Yesterday, at mid-morning, I’m informed that the cocktail of the National Day of Lebanon, due to take place that same day, was cancelled. I was expecting that, in fact. Beirut was in serious political turmoil with the assassination of Pierre Gemayel. And in mourning too.
When I heard about the funeral in Bifkaya, the stronghold of the Gemayels, I remember to have read a reference to that village in Edward Said’s memoir (“Out of Place”). All was still very fresh in my head, since it was just last week I’ve finished reading it. There, I found it:
“In the early days, there was often a decrease in the number of cars as we climbed the dramatically hair-pinned road to Bifkaya, the large town just below Dhour that I knew for its famous peaches and a fantastic red-and-tinsel-colored toy shop, “Kaiser Amer”. It was only later, in the 1970s, that I knew it as the family seat of the Gemayel family.

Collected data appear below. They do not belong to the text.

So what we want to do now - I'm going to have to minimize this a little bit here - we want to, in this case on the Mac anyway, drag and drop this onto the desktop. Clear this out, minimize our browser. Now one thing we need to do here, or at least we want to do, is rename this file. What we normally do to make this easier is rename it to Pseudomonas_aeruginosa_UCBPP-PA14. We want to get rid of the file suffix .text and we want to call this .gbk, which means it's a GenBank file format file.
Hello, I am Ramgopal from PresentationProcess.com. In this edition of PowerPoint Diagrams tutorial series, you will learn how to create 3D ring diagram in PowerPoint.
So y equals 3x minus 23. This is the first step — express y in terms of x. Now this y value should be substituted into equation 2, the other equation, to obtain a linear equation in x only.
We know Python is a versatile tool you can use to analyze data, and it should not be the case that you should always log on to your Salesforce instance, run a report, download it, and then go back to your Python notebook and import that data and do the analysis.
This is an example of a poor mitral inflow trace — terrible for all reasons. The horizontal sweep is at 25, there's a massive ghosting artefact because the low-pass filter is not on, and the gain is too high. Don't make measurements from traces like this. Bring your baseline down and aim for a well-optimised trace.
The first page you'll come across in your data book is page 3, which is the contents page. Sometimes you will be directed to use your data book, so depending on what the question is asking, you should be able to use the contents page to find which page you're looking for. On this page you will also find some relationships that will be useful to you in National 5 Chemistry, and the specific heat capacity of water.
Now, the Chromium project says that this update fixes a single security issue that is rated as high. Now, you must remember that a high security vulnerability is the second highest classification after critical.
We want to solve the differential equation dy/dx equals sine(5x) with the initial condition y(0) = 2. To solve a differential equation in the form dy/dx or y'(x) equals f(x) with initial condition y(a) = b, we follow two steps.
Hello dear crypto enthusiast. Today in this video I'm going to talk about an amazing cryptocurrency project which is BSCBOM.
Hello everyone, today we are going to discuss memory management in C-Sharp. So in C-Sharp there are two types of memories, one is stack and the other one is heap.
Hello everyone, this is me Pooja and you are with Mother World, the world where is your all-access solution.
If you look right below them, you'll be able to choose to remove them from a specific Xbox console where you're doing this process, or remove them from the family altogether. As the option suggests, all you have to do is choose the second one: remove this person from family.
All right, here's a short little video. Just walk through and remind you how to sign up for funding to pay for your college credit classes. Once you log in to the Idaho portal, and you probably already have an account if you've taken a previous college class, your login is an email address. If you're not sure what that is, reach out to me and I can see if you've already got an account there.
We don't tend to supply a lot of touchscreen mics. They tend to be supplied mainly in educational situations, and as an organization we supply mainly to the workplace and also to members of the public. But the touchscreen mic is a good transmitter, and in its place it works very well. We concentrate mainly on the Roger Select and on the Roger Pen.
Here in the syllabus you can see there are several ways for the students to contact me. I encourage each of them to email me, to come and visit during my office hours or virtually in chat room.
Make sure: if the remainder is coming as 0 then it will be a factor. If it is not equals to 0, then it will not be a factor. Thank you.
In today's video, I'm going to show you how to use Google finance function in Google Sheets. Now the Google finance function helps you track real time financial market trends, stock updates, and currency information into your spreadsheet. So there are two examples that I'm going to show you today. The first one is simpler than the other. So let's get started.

Pierre Gemayel., impressed with the German black-shirts he saw at 1936 Olympics, was the founder of the extreme-right Maronite party, the Phalanges Libanaises, and was father of two Lebanese presidents - Bashir, whose assassination in September 1982 unleashed the massacre at the Sabra and Shatila Palestinian refugee camp perpetuated by his pro-Israel henchmen, and Amin, who ran a regime drenched in corruption and incompetence. Bifkaya then acquired a sinister reputation as rabidly anti-Palestinian, and I have avoided it and Dhour for almost two decades”.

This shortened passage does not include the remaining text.